Dubai: The Saudi equity market could be a strong candidate for an upgrade by the global indices provider like the MSCI or the S&P depending on its size and liquidity after it opens up for foreign investors, industry participants said on Sunday.
The Tadawul All Share Index has gained 14.8 per cent so far in the year, lagging behind the performance of its regional counterparts like Dubai, which has already been upgraded by the MSCI.
Foreign institutional investors are expected to begin direct trading of Saudi Arabian stocks before April next year, a news report said, quoting unnamed sources.
In August, the Capital Market Authority proposed rules for opening the market to direct investment sometime in the first half of 2015, including a 10 per cent cap on combined foreign ownership of the market’s value. At present, foreigners are limited to investing indirectly through swaps and exchange-traded funds.
Under the draft rules, foreign institutions would have to qualify for permission to invest. For example, they would usually need to have at least $5 billion (Dh18.4 billion) of assets under management, and investment experience of five years.
By this, foreign investors may get access to companies like Saudi Basic Industries Corp (SABIC), which is the world’s biggest petrochemicals company.
Elsewhere in the region, the UAE markets were upgraded to emerging markets by the MSCI and the S&P, a move that is expected to bring in multiple of billions of dollars into capital markets.
“The opening of Saudi market could as act as a first step in order to include the market in the MSCI or S&P index, but it can be done only in the medium term issues like settlement and corporate governance will be have to be cleared first,” Sebastien Henin, head of asset management at The National Investor told Gulf News.
Foreign investors
The upgrade for Saudi can happen in the next 18 months, an Emirates NBD Asset Management official said.
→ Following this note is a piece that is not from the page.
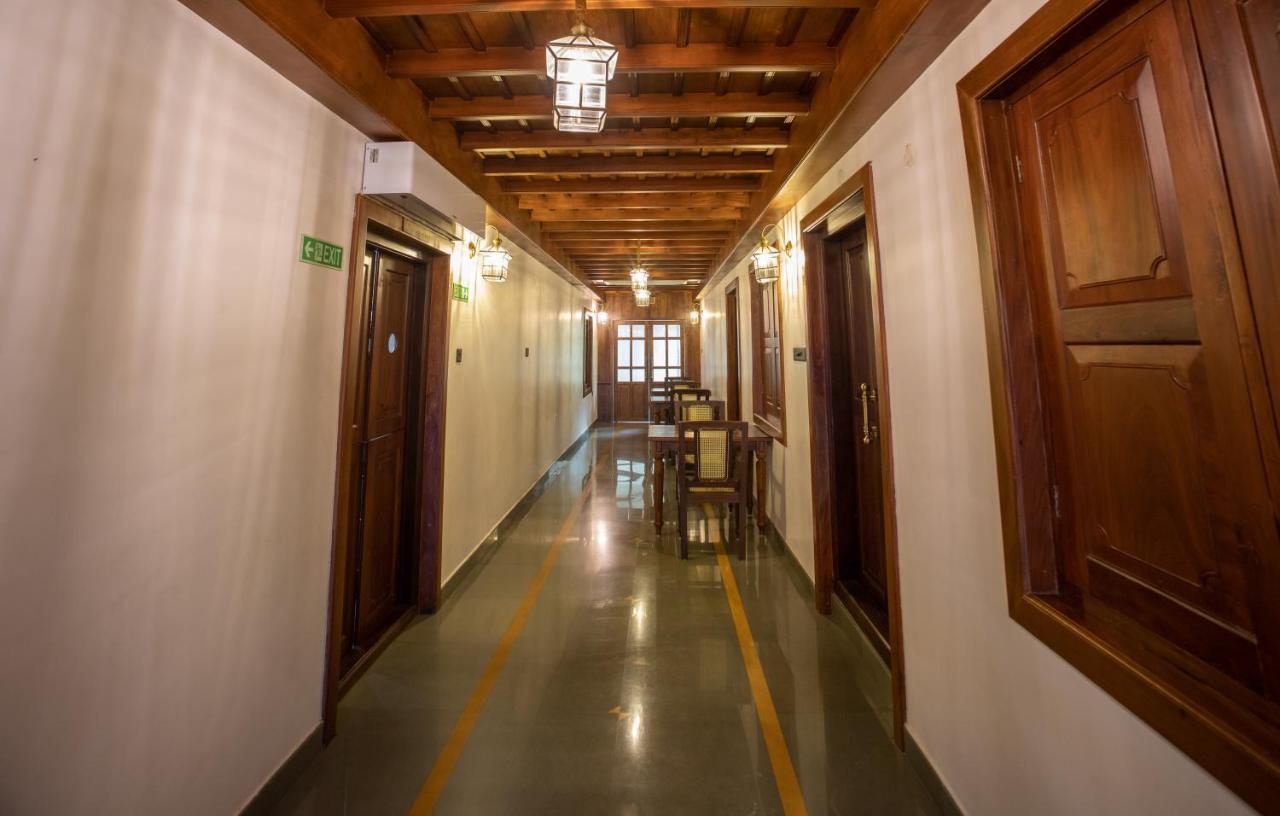 Surya Heritage Hotels Kannur Exterior foto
“Going forward, the focus will be on Saudi Arabia with the decision in principle to permit foreign investors. The initial upgrade of the UAE markets and Qatar has brought a lot more scrutiny in the region. I expect that to move to Saudi in the coming 12-18 months as investors try to get access to that market,” David Marshall, senior executive officer of Emirates NBD Asset Management company said.
“We remain structurally positive on Mena equities, favouring at the moment the UAE and Egypt — mostly due to cyclical reasons. We believe that both countries are in the middle of a cyclical upturn and the UAE has the additional benefit of having an economy that is less reliant on oil prices for company earnings growth,” said Marshall.
Crude oil, which has shed about 25 per cent since the start of the year, contributes to only 30 per cent of the UAE’s GDP.
“For Egypt, we expect increasing political stability to lead to greater foreign investment and share price appreciation from fairly depressed levels,” Marshall added.